Hi, I tried the SAC trainer and I get NaN rewards whenever it updates (image attached). My environment is returning valid rewards and the issue does not exist for PPO. Any idea what could be wrong?

SAC_nan_rewards_LI

chriselion commented 4 years ago

I can reproduce similar behavior with our examples (it's only NaN sometimes but not every time). I'll look into it.

chriselion commented 4 years ago

I think the NaNs are coming from here https://github.com/Unity-Technologies/ml-agents/blob/0796a1b5ff68a9e9b2b456d7088245edb2c50add/ml-agents/mlagents/trainers/sac/trainer.py#L241-L244 when self.cumulative_returns_since_policy_update is empty. It should be harmless, but we should probably output 0 or None in that situation.

@ervteng Any other thoughts?

niskander commented 4 years ago

@chriselion This is literally all I'm seeing (it's never not NaN), despite the rewards always being valid in the "Step" logs. So why would cumulative_returns_since_policy_updatealways be empty?

niskander commented 4 years ago

If it helps, the Cumulative Reward graph in tensorboard contains valid values.

ervteng commented 4 years ago

Hi @niskander, the code outputs nan there (when running in --debug mode) when there hasn't been a completed episode since the last policy update.
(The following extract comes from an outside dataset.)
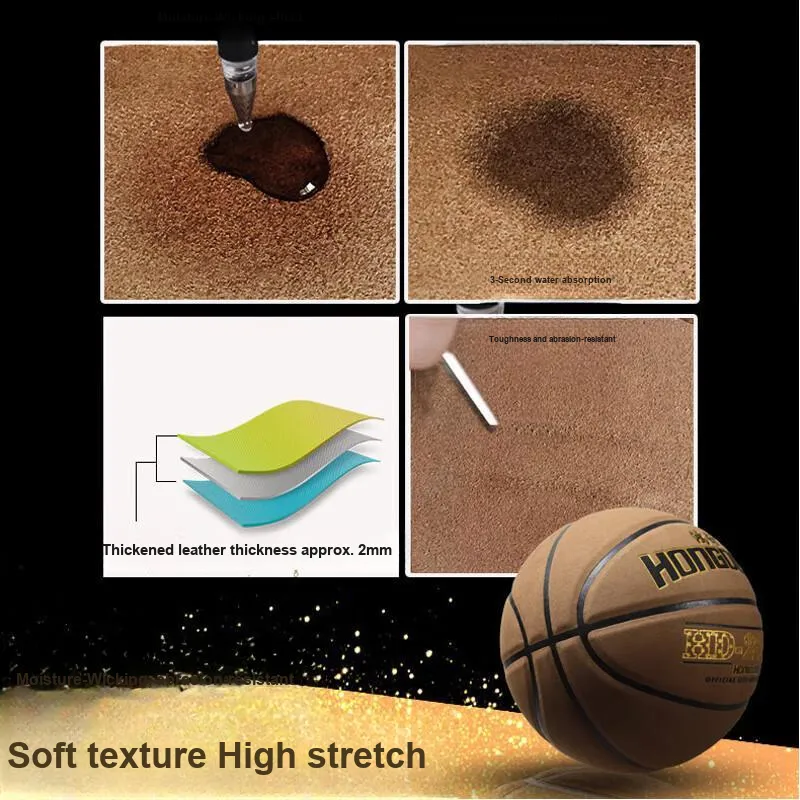 Hongdong Microfiber Composite Basketball Brown Size 7 Training Unisex-6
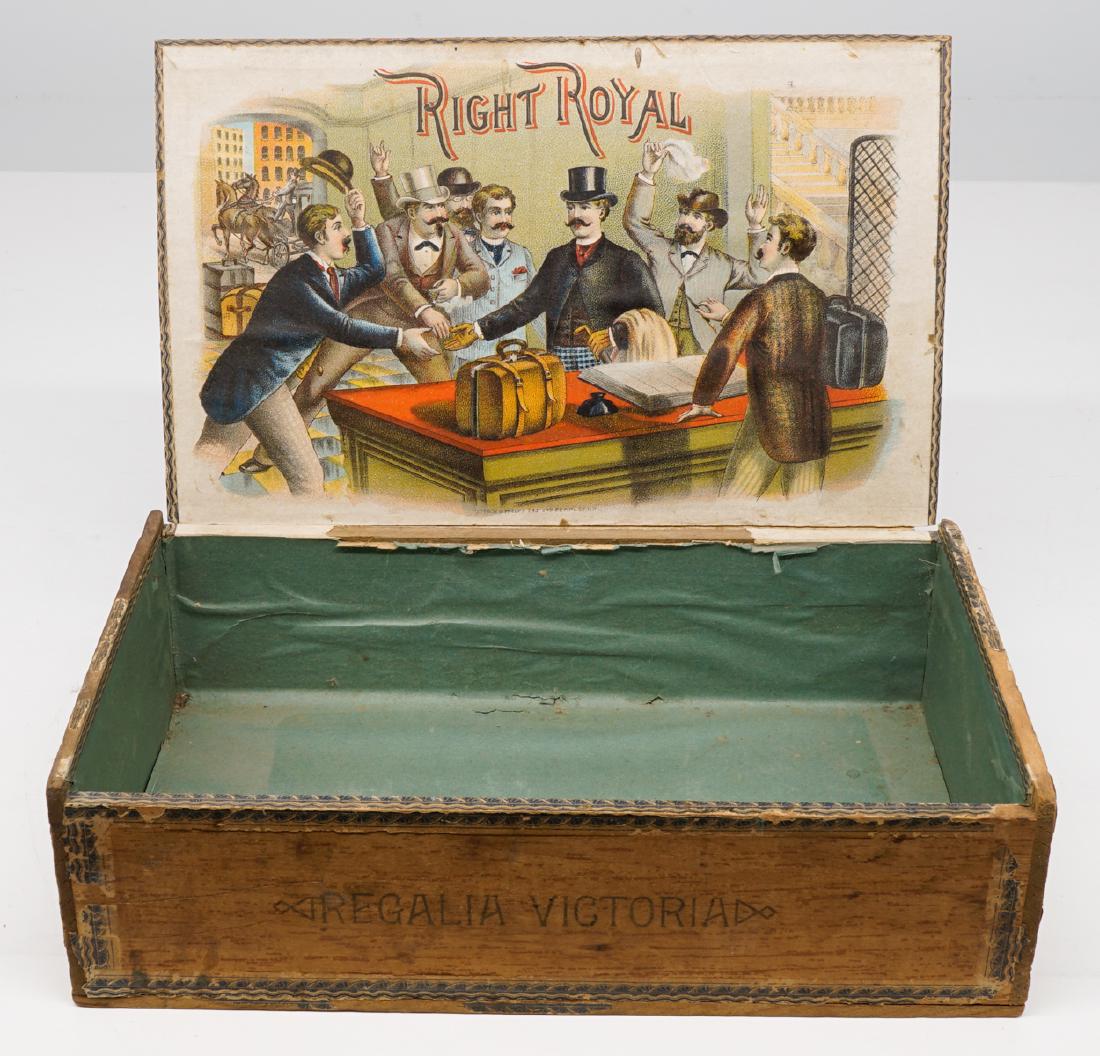 Right Royal Cigar Box: Right Royal Cigar Box. Measures 2.375 in x 8.25 in. x 5 in. We ship all items from this auction in-house and gladly combine shipping if possible of multiple items.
Since SAC updates policy much more frequently than PPO, the probability of getting a nan in that message is much higher. However, the step logs happen at a much longer interval, so usually there has been a completed episode by then. The nans are entirely harmless.

@chriselion you're probably right, we should output None or Invalid in that message (and coincidentally in the CSV log).

niskander commented 4 years ago

@ervteng that's what I was thinking but does it make sense, in the screenshot, that an episode was completed and yet the next few returns were still NaN? I can try to save the output to double check, but I don't see a single non-NaN in the returns.

On the other hand, it appears to be training "correctly" as far as I can see. I just want to make sure these NaN values don't affect the training (which seems to be the case).

ervteng commented 4 years ago

Yep, it makes sense, since it's episodes completed since last policy update. Every time it prints out a message, it's one policy update. So no episode was completed between the two messages, hence it's nan. By default SAC updates every environment step, so it's unlikely you'll see many non-nans.

niskander commented 4 years ago

Alright, thanks for clarifying @ervteng @chriselion

chriselion commented 4 years ago

We've got this logged as MLA-414 in our tracker. Closing this for now.

github-actions[bot] commented 3 years ago

This thread has been automatically locked since there has not been any recent activity after it was closed. Please open a new issue for related bugs.